The wire size calculator runs both checks at once and returns the controlling gauge, so you don't have to look up circular mils by hand.
Common circuits (copper, short runs)
For short runs where voltage drop isn't a concern, ampacity and the 240.4(D) rule give you these starting points:
| Breaker / load | Copper wire |
|---|---|
| 15 A | #14 |
| 20 A | #12 |
| 30 A | #10 |
| 40 A | #8 |
| 50 A | #6 |
| 100 A | #2 |
A worked example: a 50 A subpanel 100 ft away
Say you're feeding a 50 A subpanel 100 ft from the main at 240 V. By ampacity alone the table allows #8 copper. But run the voltage-drop check: circular mils = (2 × 12.9 × 50 × 100) ÷ (240 × 3) = 129,000 ÷ 720 = ~17,900 circular mils. That exceeds #8 (16,510 cmil) and lands you on #6 copper (26,240 cmil), which holds drop comfortably under 3%. Voltage drop, not ampacity, sets the final size here — exactly the case the formula is built to catch.
When the load is an air conditioner or heat pump, size the circuit from its actual draw first — the HVAC BTU calculator helps you nail the unit's load before you pick the wire.
Frequently asked questions
What wire size do I need for a 20 amp circuit?
Use #12 copper. The 240.4(D) small-conductor rule caps #14 copper at 15 A, so a 20 A circuit needs #12 even if a table lists a higher ampacity for #14.

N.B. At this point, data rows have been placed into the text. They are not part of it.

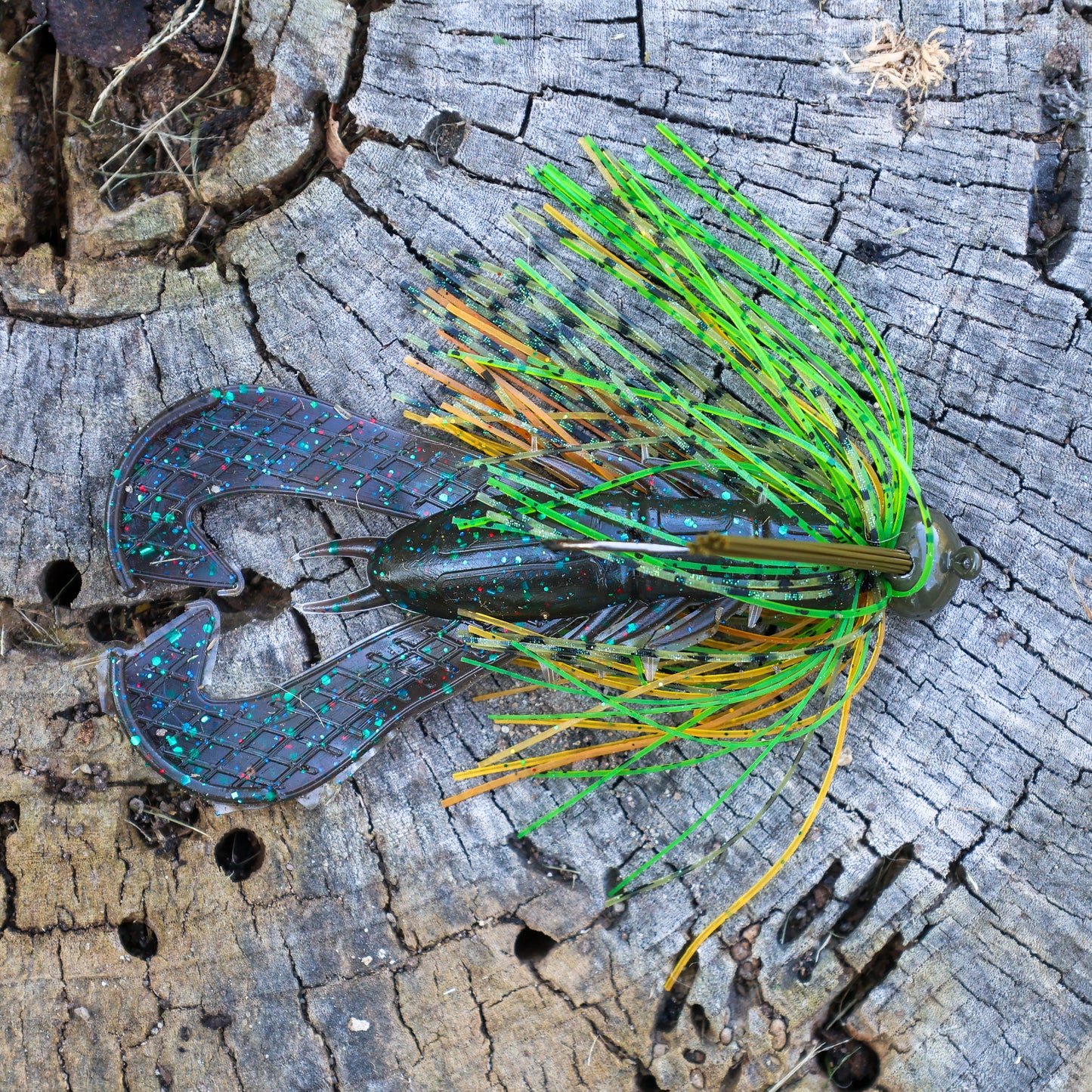 Reaction Tackle Lead Football Jigs 3-Pack - New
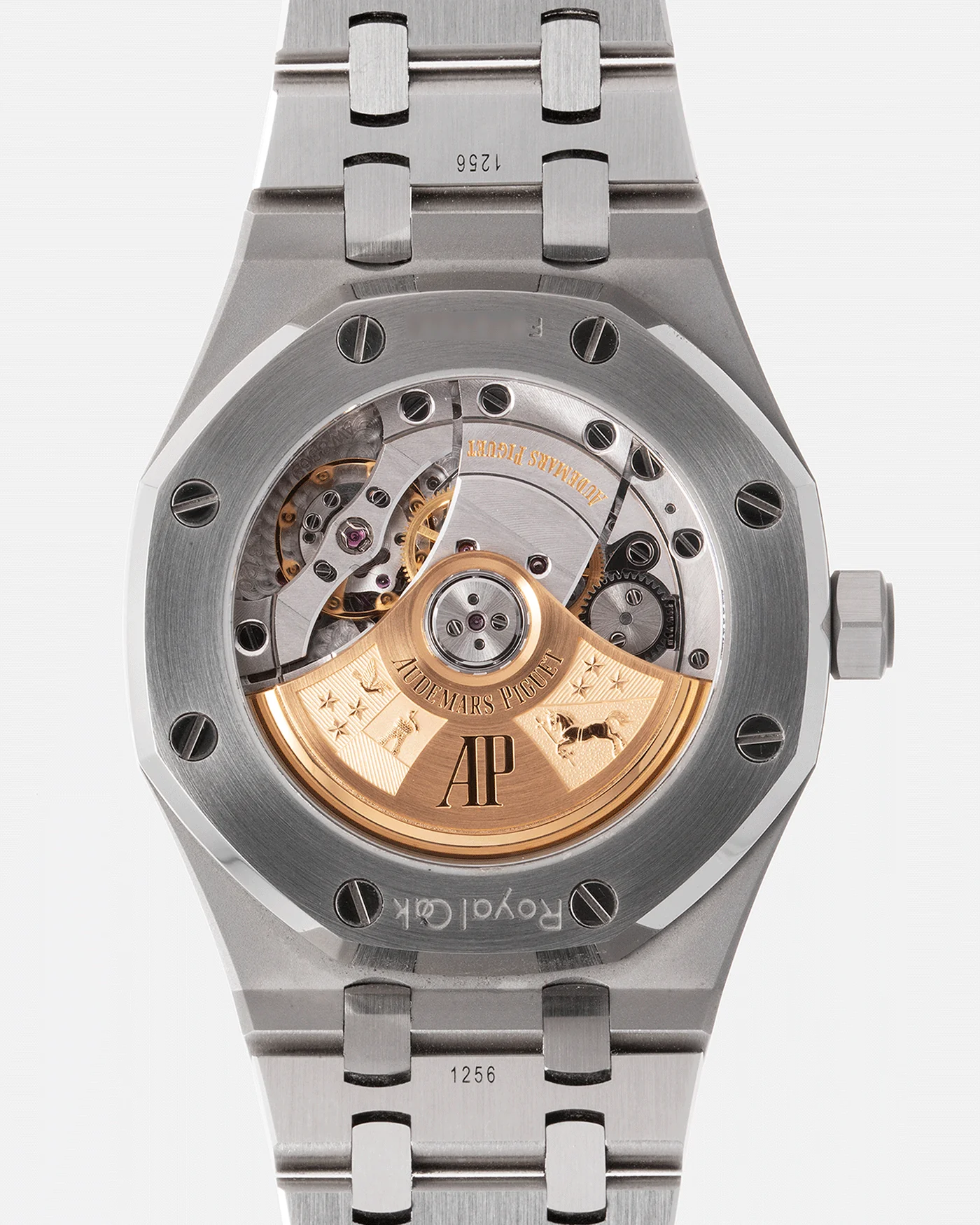 Royal Oak 37 mm, Gray Ref. 15450ST.OO.1256ST.02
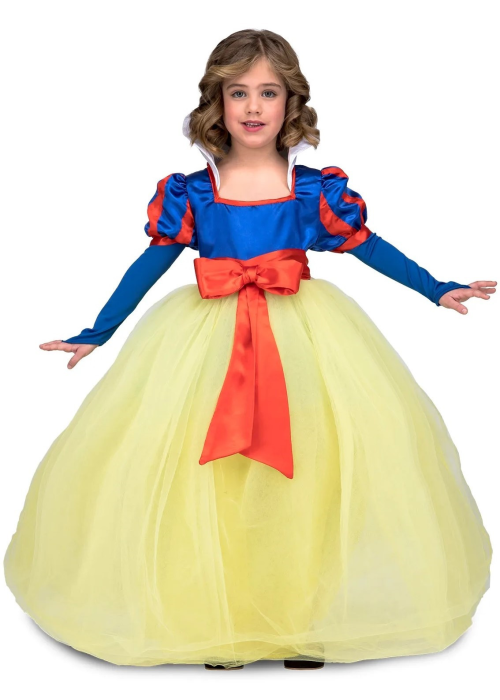 Disfraz de Princesa de las Nieves Tul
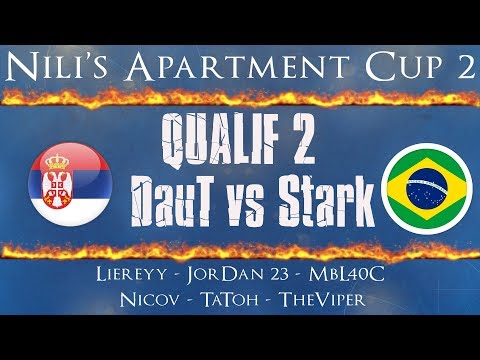 Age of Empires - Legend DauT vs Stark from NAC2 Qualification 2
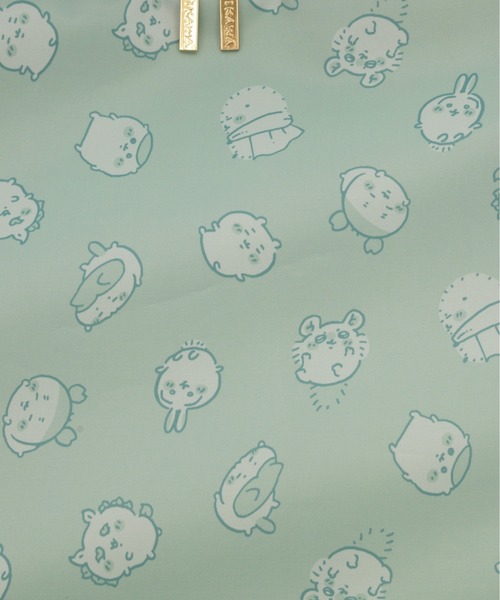 Siffler(シフレ)の「【CHIIKAWA/ちいかわ】 キャリーケース 35L(スーツケース/キャリーバッグ・レディース・ベージュ/ミント・FREE)」の17枚目の写真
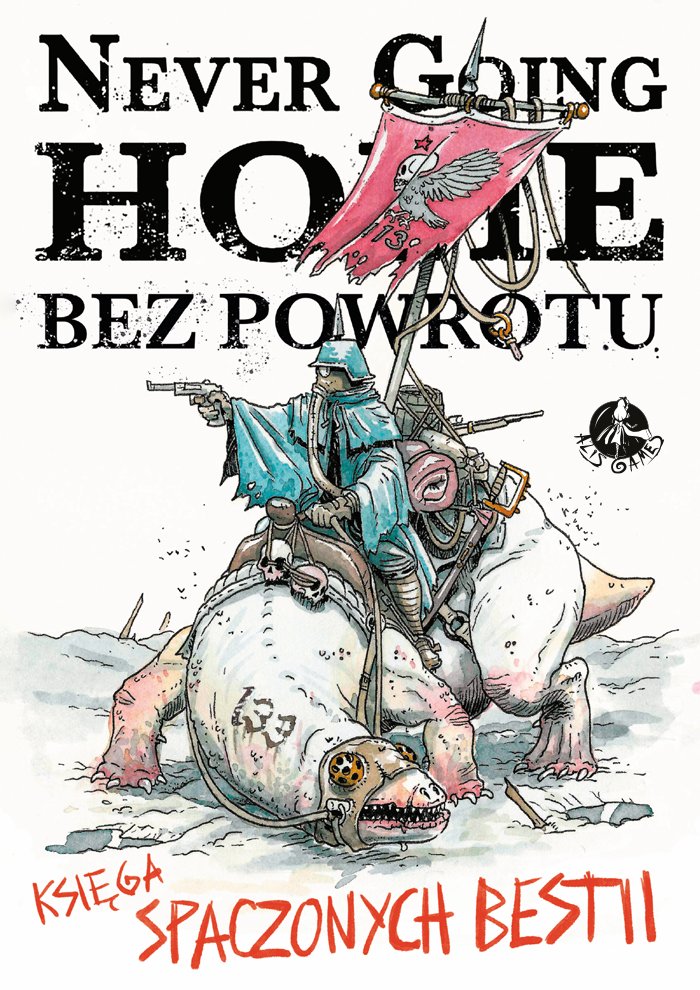 NGH Księga spaczonych bestii Nowa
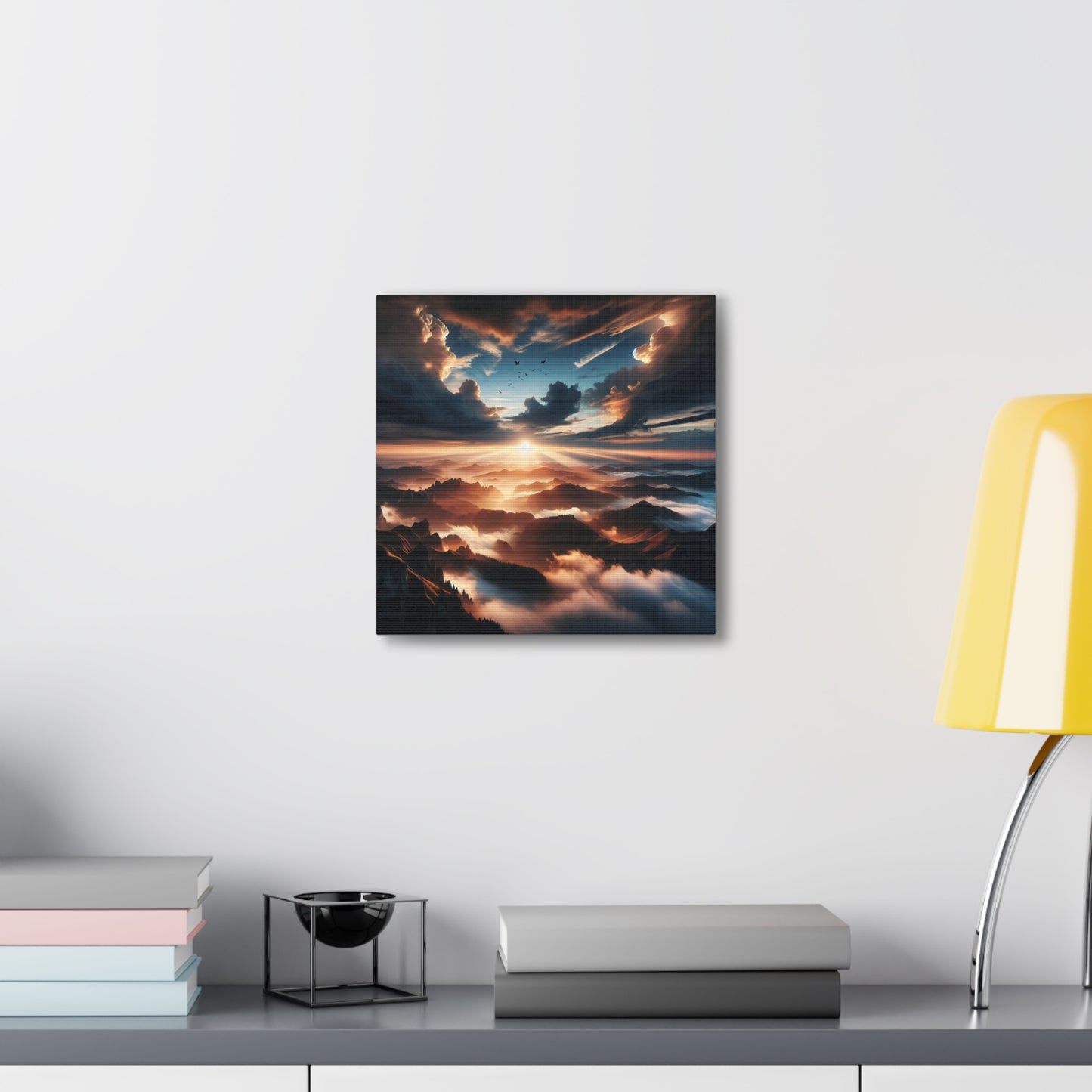 Majestic Sky Canvas Wall Art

Does the length of the run change the wire size?
Yes. On long runs voltage drop becomes the limit. To hold drop under ~3% you often step up one or two gauges beyond what ampacity alone requires.
How do I calculate wire size for voltage drop?
Circular mils needed = (2 × K × Amps × Distance) ÷ (Volts × VD%), with K = 12.9 copper or 21.2 aluminum. Use the larger of the ampacity gauge and the voltage-drop gauge.